Dataset: heart_disease
Bernoulli Mixture Model:
Folkes-Mallows Index: 0.4373549066876981
Adjusted Rand Index: 0.14113304815085476
Normalized Mutual Information Score: 0.14791364947221453

K-Modes Algorithm:
Folkes-Mallows Index: 0.44812355734517517
Adjusted Rand Index: 0.1623242410982316
Normalized Mutual Information Score: 0.19

### Conclusion

When comparing the clustering performances of the Bernoulli Mixture Model with Stochastic EM Algorithm and the K-Modes Algorithm, it's evident that the Folkes-Mallows Index (FMI) consistently yields higher values compared to the Adjusted Rand Index (ARI) and Normalized Mutual Information Score (NMI). FMI provides a comprehensive assessment by considering both precision and recall of the clusters, indicating strong clustering performance. Conversely, ARI and NMI tend to show lower values compared to FMI. ARI measures the similarity between two clusterings while accounting for chance agreement, and its lower values imply some discrepancies in cluster assignments between the algorithms. Similarly, NMI measures the agreement between true labels and predicted clusters, and its lower values suggest that while clusters may have high precision and recall, they might not fully capture the same information as the true labels.

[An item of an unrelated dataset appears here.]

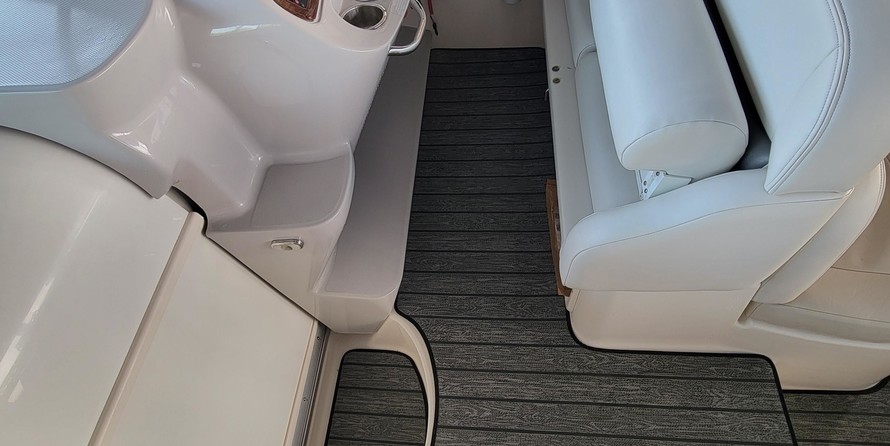 Chaparral 330 Signature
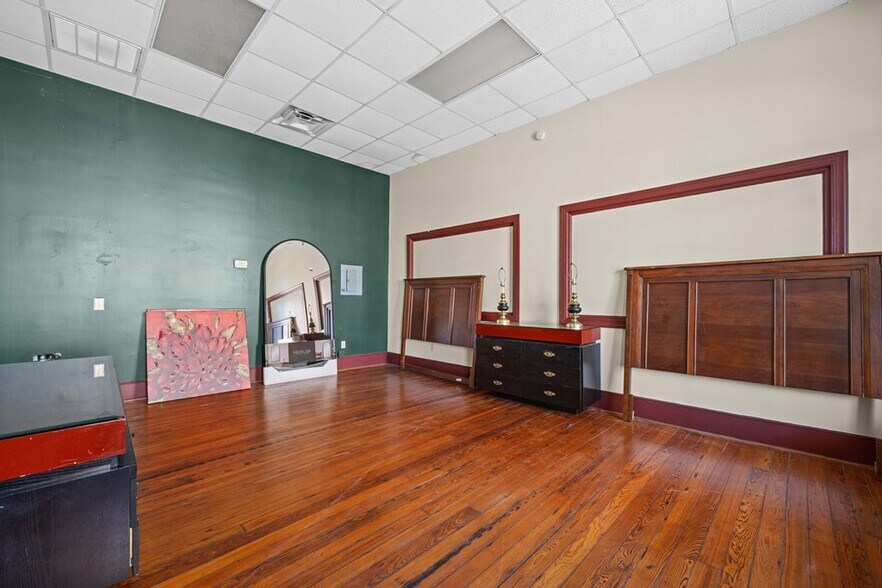More Photos Of 219 E Screven St, Quitman Storefront Retail Office For Sale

These disparities in performance metrics reflect the unique focus and sensitivities of each metric, as well as the characteristics of the algorithms and datasets. FMI's emphasis on both precision and recall provides a holistic evaluation, while ARI and NMI focus on different aspects of clustering agreement and mutual information, respectively. Factors such as the stochastic nature of the Bernoulli Mixture Model and the handling of categorical data by K-Modes Algorithm further contribute to variations in performance. Understanding these nuances aids in comprehensively assessing the strengths and limitations of each clustering algorithm in effectively capturing the underlying structure of the data.